Using the Central Limit Theorem , Evaluate $$\lim_{n \to \infty} \sum_{j=0}^{n}{{j+n-1} \choose j}\frac{1}{2^{j+n}}$$

My solution: Let $\{X_n\}$ be a sequence of iid R.V's each having $Geo(\frac{1}{2})$

Then $E(X_n)=1$ and $Var(X_n)=2 < \infty,n\in N$

Also $S_n=\sum_{k=1}^nX_k\sim NB(n,\frac{1}{2})$

By Lindeberg-Levy CLT, \begin{align} \lim_{n \to \infty}P[\frac{S_n-E(S_n)}{\sqrt{V(S_n)}}\leq x] &= \Phi(x), \forall x \in R\\ \implies \lim_{n \to \infty}P[\frac{S_n-n}{\sqrt{2n)}}\leq x] &= \Phi(x), \forall x \in R\end{align} Now put $x=0$ \begin{align} \lim_{n \to \infty}P[S_n \leq n]&= \Phi(0) \\ \implies \lim_{n \to \infty} \sum_{j=0}^{n}{{j+n-1} \choose j}\frac{1}{2^{j+n}} &=\frac{1}{2}\end{align} Am I right? Is there any other way to solve the limit? So that I can check the limit(Though it is completely unnecessary for the given question). Please help. Thank in advance.

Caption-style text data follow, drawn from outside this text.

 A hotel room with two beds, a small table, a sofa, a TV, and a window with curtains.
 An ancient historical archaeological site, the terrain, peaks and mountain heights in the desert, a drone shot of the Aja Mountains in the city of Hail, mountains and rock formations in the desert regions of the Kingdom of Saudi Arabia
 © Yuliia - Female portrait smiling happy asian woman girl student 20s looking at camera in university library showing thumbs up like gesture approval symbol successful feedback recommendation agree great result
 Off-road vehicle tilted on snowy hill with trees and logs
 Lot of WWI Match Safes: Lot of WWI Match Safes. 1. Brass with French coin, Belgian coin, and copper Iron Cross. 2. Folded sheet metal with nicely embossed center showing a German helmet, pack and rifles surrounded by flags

Another way is to use the combinatorial identity $\displaystyle \sum_{j=0}^m \binom{m+j}{j} 2^{m-j}= 4^m$. (See end of post for a proof.)

Dividing by $4^m$, setting $m = n-1$, and extracting the last term, the OP's sum becomes $$\binom{2n-1}{n} \frac{1}{4^n} + \frac{1}{2} \sum_{j=0}^{n-1}{{j+n-1} \choose j}\frac{1}{2^{j+n-1}} = \binom{2n}{n} \frac{1}{2 \cdot 4^n} + \frac{1}{2}.$$

Since the central binomial coefficient has asymptotic $\binom{2n}{n} \sim \frac{4^n}{\sqrt{\pi n}}$, the last expression approaches $\frac{1}{2}$ as $n \to \infty$.

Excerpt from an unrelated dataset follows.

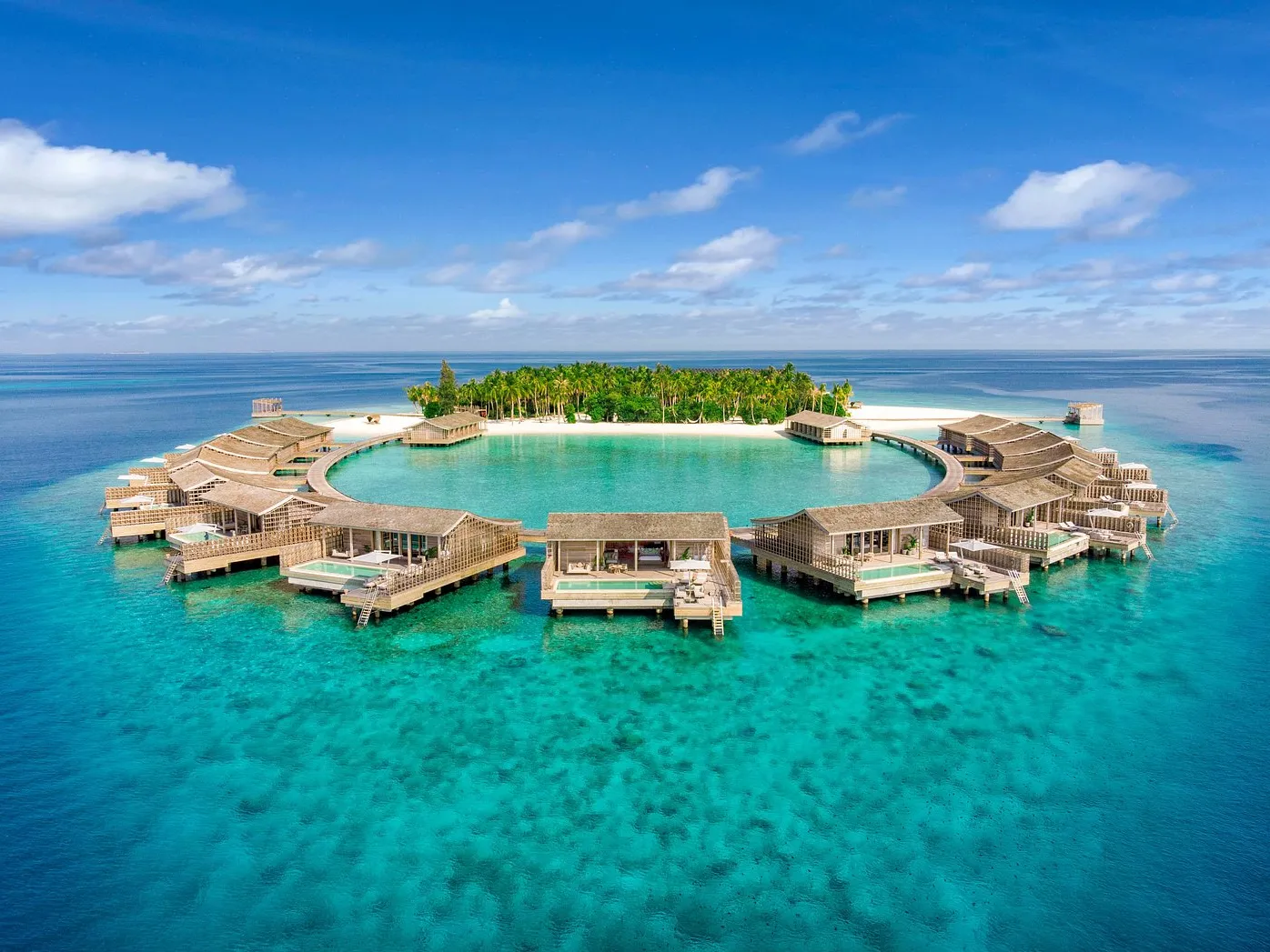 Private island luxury getaway with white sand beaches and overwater villas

Combinatorial proof that $\displaystyle \sum_{j=0}^m \binom{m+j}{j} 2^{m-j}= 4^m$ (borrowed from an answer of mine on math.SE):

Suppose you flip coins until you obtain either $m+1$ heads or $m+1$ tails. After either heads or tails "wins" you keep flipping until you have a total of $2m+1$ coin flips. The two sides count the number of ways for heads to win.

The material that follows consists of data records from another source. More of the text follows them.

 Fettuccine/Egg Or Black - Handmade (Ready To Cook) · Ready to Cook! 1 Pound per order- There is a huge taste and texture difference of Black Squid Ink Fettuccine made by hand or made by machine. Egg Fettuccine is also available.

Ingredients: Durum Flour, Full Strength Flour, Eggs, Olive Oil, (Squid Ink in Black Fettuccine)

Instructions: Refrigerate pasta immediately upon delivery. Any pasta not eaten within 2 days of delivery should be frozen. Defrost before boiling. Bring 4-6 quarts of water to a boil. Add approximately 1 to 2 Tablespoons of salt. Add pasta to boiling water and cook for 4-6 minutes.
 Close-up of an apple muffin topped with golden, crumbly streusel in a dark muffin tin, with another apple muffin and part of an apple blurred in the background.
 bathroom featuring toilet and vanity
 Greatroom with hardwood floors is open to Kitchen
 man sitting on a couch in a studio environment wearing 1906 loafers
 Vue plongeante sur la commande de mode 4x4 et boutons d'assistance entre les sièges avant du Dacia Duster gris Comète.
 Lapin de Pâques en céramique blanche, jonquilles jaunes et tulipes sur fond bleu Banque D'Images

For the left side: Condition on the number of tails $j$ obtained before head $m+1$. There are $\binom{m+j}{j}$ ways to choose the positions at which these $j$ tails occurred from the $m+j$ total options, and then $2^{m-j}$ possibilities for the remaining flips after head $m+1$. Summing up yields the left side.

For the right side: Heads wins on half of the total number of sequences; i.e., $\frac{1}{2}(2^{2m+1}) = 4^m$.

Added: Byron Schmuland has recently answered this question on math.SE as well. My answer is similar to his.